Write out the data exactly from its first line onward, ending with the line in which "95 Chequessett Neck" appears.

####

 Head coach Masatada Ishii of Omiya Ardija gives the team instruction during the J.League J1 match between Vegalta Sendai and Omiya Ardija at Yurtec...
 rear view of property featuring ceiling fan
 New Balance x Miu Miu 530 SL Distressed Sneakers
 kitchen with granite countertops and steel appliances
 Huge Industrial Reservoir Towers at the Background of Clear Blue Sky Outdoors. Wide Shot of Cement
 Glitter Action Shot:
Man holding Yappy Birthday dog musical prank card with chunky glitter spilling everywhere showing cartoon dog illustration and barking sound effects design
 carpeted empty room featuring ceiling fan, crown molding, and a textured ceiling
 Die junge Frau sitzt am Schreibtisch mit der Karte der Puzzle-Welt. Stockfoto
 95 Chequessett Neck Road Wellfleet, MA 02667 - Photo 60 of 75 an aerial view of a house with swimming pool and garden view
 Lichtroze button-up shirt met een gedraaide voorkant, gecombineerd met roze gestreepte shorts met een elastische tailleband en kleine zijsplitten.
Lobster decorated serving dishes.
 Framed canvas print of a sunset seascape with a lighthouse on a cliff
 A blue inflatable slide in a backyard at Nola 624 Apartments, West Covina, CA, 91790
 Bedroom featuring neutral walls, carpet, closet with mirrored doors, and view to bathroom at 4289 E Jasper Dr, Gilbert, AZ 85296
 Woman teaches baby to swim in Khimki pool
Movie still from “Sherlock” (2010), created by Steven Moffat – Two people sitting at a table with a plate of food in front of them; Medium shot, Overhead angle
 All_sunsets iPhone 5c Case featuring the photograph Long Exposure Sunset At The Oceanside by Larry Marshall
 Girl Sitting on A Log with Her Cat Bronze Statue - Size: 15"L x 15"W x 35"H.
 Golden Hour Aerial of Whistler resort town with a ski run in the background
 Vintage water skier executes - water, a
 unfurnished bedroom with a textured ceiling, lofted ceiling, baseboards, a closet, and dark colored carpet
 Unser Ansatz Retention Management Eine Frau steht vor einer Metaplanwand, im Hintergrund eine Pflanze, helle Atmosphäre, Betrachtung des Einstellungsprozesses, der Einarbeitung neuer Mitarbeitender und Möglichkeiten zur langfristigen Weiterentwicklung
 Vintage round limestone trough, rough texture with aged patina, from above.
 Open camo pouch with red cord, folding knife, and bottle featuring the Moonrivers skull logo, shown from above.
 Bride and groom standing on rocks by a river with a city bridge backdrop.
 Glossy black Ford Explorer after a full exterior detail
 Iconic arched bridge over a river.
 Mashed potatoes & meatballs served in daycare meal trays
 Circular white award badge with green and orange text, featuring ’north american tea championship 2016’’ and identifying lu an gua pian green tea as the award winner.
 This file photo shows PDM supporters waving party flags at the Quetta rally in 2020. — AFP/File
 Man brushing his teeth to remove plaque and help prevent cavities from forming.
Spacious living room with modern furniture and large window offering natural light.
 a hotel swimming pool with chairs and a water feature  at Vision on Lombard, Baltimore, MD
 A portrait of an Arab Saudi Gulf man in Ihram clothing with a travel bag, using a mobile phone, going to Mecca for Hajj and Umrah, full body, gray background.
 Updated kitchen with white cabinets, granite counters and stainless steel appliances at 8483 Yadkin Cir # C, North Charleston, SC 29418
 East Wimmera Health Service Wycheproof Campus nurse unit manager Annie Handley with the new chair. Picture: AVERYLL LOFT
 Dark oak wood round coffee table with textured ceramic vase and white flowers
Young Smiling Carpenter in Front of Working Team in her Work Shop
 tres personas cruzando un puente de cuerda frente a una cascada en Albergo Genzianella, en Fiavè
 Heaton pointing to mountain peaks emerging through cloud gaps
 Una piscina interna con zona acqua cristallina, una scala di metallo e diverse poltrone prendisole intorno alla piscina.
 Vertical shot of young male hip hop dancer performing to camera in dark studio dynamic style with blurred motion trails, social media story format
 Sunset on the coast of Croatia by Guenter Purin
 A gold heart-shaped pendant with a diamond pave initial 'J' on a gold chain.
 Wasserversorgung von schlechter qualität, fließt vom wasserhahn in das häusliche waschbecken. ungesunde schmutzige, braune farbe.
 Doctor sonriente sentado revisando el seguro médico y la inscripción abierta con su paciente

####

**Result of this task:**
 Head coach Masatada Ishii of Omiya Ardija gives the team instruction during the J.League J1 match between Vegalta Sendai and Omiya Ardija at Yurtec...
 rear view of property featuring ceiling fan
 New Balance x Miu Miu 530 SL Distressed Sneakers
 kitchen with granite countertops and steel appliances
 Huge Industrial Reservoir Towers at the Background of Clear Blue Sky Outdoors. Wide Shot of Cement
 Glitter Action Shot:
Man holding Yappy Birthday dog musical prank card with chunky glitter spilling everywhere showing cartoon dog illustration and barking sound effects design
 carpeted empty room featuring ceiling fan, crown molding, and a textured ceiling
 Die junge Frau sitzt am Schreibtisch mit der Karte der Puzzle-Welt. Stockfoto
 95 Chequessett Neck Road Wellfleet, MA 02667 - Photo 60 of 75 an aerial view of a house with swimming pool and garden view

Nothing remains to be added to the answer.